Presbyterian University and Theological Seminary
- Motto: Pietatis et Scientia
- Motto in English: "Piety and Knowledge"
- Established: 1907
- Affiliations: Presbyterian Church of Korea
- President: Rev Dr Sung Bihn Yim
- Location: Seoul, South Korea
- Website: www.pcts.ac.kr/www/main/eng/_main/

= Presbyterian University and Theological Seminary =

Education organization in Seoul, South Korea

The Presbyterian University and Theological Seminary (PUTS) is a university and seminary located in the Gwangjin District, Seoul, South Korea. PUTS is affiliated with the Presbyterian Church of Korea. Its school motto is Pietatis et Scientia ("Piety and Knowledge").

== History ==
It began as a small theological educational center, established by Samuel A. Moffett, an American PCUSA missionary. Teaching began at his home in 1901, before, in 1903, the Presbyterian Council formally agreed to the formation of a theological education center in Korea.

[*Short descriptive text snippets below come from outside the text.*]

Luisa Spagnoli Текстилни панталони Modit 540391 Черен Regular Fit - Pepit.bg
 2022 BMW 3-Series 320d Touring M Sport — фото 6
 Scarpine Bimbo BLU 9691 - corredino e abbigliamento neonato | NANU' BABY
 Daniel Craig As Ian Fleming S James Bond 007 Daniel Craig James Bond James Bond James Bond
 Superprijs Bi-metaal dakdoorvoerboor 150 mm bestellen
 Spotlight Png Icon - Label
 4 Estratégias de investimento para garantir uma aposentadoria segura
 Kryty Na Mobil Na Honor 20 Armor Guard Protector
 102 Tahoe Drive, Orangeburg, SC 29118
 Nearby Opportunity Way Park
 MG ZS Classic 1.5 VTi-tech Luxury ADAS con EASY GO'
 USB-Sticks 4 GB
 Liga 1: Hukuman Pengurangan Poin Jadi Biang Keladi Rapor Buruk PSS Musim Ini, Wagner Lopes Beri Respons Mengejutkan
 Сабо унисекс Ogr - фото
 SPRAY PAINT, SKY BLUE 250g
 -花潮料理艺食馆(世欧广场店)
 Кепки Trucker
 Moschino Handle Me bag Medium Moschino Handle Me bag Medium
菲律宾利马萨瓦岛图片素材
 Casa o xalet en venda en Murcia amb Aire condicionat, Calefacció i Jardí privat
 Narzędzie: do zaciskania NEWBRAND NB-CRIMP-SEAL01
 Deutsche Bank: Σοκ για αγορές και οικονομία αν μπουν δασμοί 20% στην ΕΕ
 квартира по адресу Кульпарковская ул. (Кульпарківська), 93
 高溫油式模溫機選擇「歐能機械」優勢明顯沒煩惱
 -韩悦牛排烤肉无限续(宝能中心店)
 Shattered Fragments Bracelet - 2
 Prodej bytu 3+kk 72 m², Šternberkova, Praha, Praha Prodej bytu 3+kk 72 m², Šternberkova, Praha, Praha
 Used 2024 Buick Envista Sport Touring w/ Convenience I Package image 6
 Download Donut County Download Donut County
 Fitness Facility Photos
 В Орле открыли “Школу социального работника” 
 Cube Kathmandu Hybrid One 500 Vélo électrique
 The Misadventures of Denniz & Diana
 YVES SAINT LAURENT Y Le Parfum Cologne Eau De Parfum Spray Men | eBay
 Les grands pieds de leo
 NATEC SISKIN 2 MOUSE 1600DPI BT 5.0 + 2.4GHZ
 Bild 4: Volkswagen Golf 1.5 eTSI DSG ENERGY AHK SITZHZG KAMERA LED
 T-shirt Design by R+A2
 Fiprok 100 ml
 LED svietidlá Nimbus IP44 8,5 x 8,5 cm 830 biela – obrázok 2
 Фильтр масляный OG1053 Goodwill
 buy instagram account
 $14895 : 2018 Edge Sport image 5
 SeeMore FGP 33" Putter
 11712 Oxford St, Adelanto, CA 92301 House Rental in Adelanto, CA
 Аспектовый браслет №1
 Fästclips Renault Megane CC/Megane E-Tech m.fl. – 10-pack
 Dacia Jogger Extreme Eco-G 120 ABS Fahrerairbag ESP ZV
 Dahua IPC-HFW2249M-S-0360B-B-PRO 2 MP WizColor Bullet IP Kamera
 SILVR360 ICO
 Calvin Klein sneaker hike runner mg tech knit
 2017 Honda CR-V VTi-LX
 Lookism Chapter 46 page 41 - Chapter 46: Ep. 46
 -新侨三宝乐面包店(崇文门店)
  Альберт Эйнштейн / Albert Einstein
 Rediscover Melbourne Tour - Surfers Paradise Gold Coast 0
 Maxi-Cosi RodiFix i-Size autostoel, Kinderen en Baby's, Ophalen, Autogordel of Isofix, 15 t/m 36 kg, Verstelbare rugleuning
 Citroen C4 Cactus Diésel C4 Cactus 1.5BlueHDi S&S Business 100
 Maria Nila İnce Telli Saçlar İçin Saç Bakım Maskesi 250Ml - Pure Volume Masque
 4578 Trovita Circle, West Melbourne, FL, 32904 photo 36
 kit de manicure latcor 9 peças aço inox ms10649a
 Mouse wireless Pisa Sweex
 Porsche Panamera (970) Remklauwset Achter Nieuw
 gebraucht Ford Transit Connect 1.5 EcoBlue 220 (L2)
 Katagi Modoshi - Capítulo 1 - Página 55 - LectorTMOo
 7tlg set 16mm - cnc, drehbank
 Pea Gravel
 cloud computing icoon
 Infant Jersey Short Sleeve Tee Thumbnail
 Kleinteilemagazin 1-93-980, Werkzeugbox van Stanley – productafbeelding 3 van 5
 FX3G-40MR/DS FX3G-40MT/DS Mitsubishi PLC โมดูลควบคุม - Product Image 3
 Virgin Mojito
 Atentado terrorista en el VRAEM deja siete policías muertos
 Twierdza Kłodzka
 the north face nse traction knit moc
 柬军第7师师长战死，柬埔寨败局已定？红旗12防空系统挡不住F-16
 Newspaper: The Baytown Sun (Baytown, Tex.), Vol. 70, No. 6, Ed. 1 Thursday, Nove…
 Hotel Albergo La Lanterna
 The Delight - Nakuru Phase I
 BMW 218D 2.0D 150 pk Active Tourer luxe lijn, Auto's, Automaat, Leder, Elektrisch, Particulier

In June 1907, the first class of seven students graduated from the theological course, and among them were the first Korean pastors ordained by the Presbyterian Church: Sun-Joo Kil, Suk-Jin Han, and Ki-Pung Lee.

In 1961, fifteen acres of land in Gwangjang-dong, Gwangjin-gu of Seoul was purchased, and new buildings were constructed on the site. A new school was launched, under the name of Presbyterian Seminary, gaining accreditation from the government of South Korea in the same year. Presbyterian Seminary opened its Graduate School in 1966. In 1973, the Seminary changed its name to Presbyterian Theological College, and established a joint Doctor of Ministry (D.Min.) program with San Francisco Theological Seminary. In the following year, the college received accreditation to open a Master of Divinity Program. With over 2,400 students, by the mid-1980s PUTS had become one of the largest Presbyterian seminaries in the world.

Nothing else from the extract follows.